No dia 13 de abril de 2012, o Supremo Tribunal Federal, a partir do voto do Ministro Marco Aurélio Mello, decidiu a ADPF nº 54, declarando a inconstitucionalidade da interpretação segundo a qual a interrupção da gravidez de feto anencéfalo é conduta tipificada como crime de aborto.
O STF considerou que a interrupção da gravidez de fetos anencéfalos é atípica, pois tais fetos não recebem proteção jurídica, considerando que não se trata de vida em potencial. Noutros termos, como são natimortos, não há de se falar em crime de aborto, que é um crime contra a vida.
Por se tratar de arguição de descumprimento de preceito fundamental, ação do controle concentrado de constitucionalidade, a decisão tem eficácia contra todos e efeito vinculante.
Como segunda decisão do STF acerca do crime de aborto, menciona-se o julgamento do HC 124.306, em novembro de 2016, pela 1ª Turma. Nessa decisão, que foi tomada por maioria, o STF considerou que a interrupção da gravidez até o terceiro mês de gestação não pode ser equipada ao aborto. Trata-se, assim, de um caso de atipicidade.
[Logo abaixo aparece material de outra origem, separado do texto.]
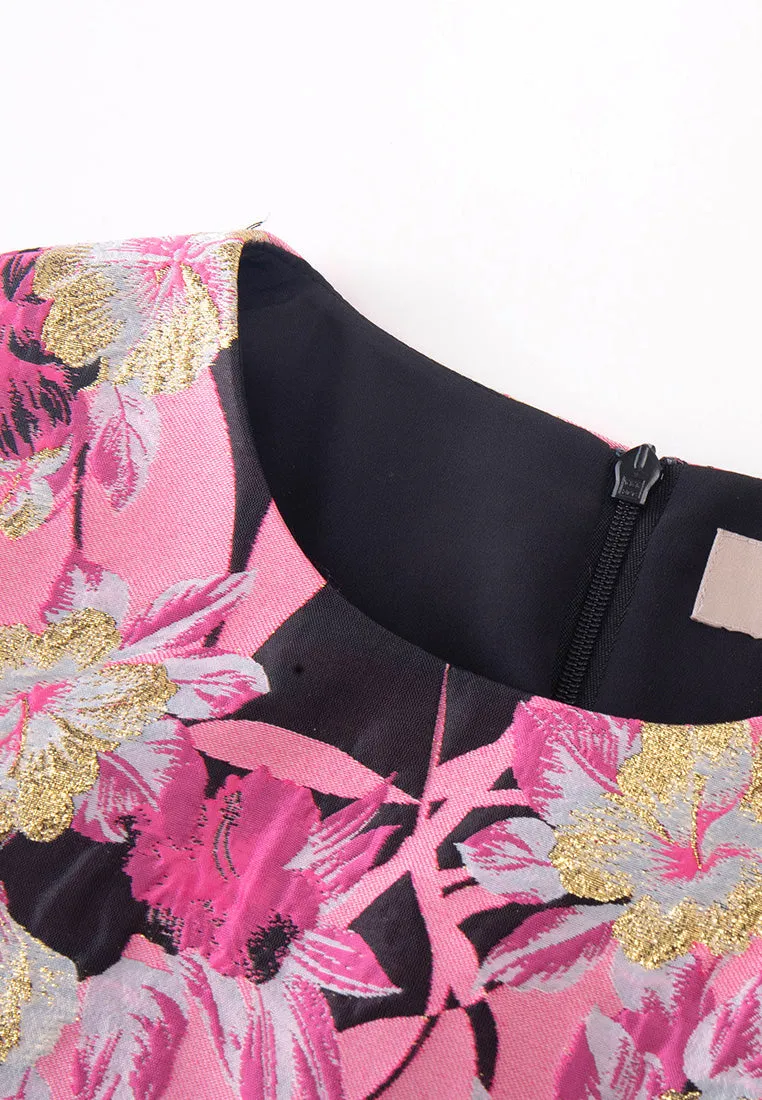 Thin Core Jacquard A-line Dress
Vários foram os fundamentos invocados nessa decisão: desproporcionalidade da punição, direitos sexuais e reprodutivos, autonomia da mulher, paridade entre os sexos, integridade física e psíquica da gestante, entre outros.
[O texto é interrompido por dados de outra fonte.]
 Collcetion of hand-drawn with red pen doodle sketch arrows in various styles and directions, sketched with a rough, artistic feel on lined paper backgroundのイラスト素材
Insta salientar que a decisão da 1ª Turma do STF não tem eficácia contra todos, tampouco efeito vinculante, porque foi tomada em um caso concreto. Assim, por mais que essa decisão possa influenciar os outros órgãos do Judiciário, não é obrigatório que ela seja seguida.
Em suma, no Brasil, a interrupção da gravidez é crime, havendo exceções legais (art. 128 do CP) e jurisprudenciais, com (aborto de anencéfalos) e sem (até o terceiro mês de gestação) efeitos vinculantes.